Earnings Call Open to Investors
Synopsys will hold a conference call for financial analysts and investors today at 2:00 p.m. Pacific Time.  A live webcast of the call will be available at Synopsys' corporate website at www.synopsys.com.  A recording of the call will be available by calling +1-800-475-6701 (+1-320-365-3844 for international callers), access code 271818 beginning at 4:00 p.m. Pacific Time today.  A webcast replay will also be available on the website from approximately 5:30 p.m. Pacific Time today through the time Synopsys announces its results for the first quarter fiscal 2013 in February 2013.  Synopsys will post copies of the prepared remarks of Aart de Geus, chairman and co-chief executive officer, and Brian Beattie, chief financial officer, on its website following the call.  In addition, Synopsys makes additional financial information available in a financial supplement also posted on the corporate website.

Effectiveness of Information
The targets included in this release, the statements made during the earnings conference call and the information contained in the financial supplement (available in the Investor Relations section of Synopsys' website at www.synopsys.com) represent Synopsys' expectations and beliefs as of the date of this release only.  Although this press release, copies of the prepared remarks of the co-chief executive officer and chief financial officer made during the call and the financial supplement will remain available on Synopsys' website through the date of the first quarter fiscal year 2013 earnings call in February 2013, their continued availability through such date does not mean that Synopsys is reaffirming or confirming their continued validity.  Synopsys does not currently intend to report on its progress during the first quarter of fiscal 2013 or comment to analysts or investors on, or otherwise update, the targets given in this earnings release.

Availability of Final Financial Statements
Synopsys will include final financial statements for the fourth quarter and fiscal 2012 in its annual report on Form 10-K to be filed by January 2, 2013.

About Synopsys
Synopsys, Inc. (Nasdaq:SNPS) accelerates innovation in the global electronics market.
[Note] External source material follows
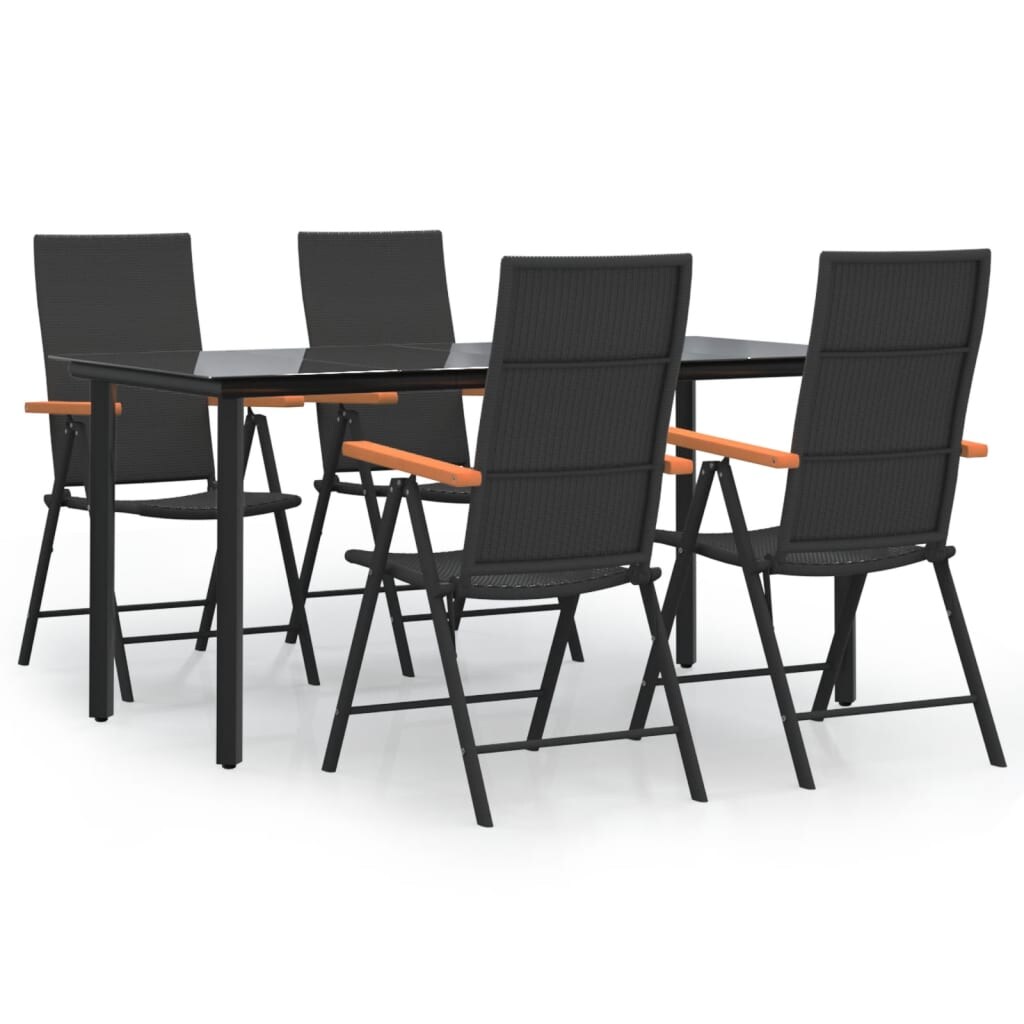 vidaXL 5-tlg. Garten-Essgruppe Schwarz und Braun Poly Rattan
As a leader in electronic design automation (EDA) and semiconductor IP, its software, IP and services help engineers address their design, verification, system and manufacturing challenges. Since 1986, engineers around the world have been using Synopsys technology to design and create billions of chips and systems. Learn more at http://www.synopsys.com.

Forward-Looking Statements
The statements made in this press release regarding projected financial results in the sections entitled "Financial Targets," and "Reconciliation of Target Non-GAAP Operating Results," and certain other statements, including statements regarding customer demand for our technology and predictable business model, are forward-looking statements within the meaning of the safe harbor provisions of Section 21E of the Securities Exchange Act of 1934. In addition, certain statements made in the earnings conference call are forward-looking statements within the meaning of the safe harbor provisions of Section 21E of the Securities Exchange Act of 1934.  Actual results could differ materially from those described by these statements due to a number of uncertainties, including, but not limited to:

  • continued uncertainty in the global economy and its potential impact on the semiconductor and electronics industries;
  • uncertainty in the growth of the semiconductor and electronics industry;
  • Synopsys' ability to realize the potential financial or strategic benefits of acquisitions it completes, including the recent acquisitions of Magma Design Automation, SpringSoft, and EVE, and the difficulties in the integration of the products and operations of acquired companies or assets into Synopsys' products and operations, delays in customer orders, potential loss of customers, key employees, partners or vendors, customer demand and support obligations for product offerings, and disruption of ongoing business operations and diversion of management attention;
  • increased competition in the market for Synopsys' products and services including through consolidation in the industry and among our customers;
  • changes in demand for Synopsys' products due to fluctuations in demand for its customers' products;
  • litigation;
  • lower-than-anticipated new IC design starts;
  • lower-than-anticipated purchases or delays in purchases of software or consulting services by Synopsys' customers, including delays in the renewal, or non-renewal, of Synopsys' license arrangements with major customers;
  • changes in the mix of time-based licenses and upfront licenses;  
  • lower-than-expected orders; and
  • failure of customers to pay license fees as scheduled.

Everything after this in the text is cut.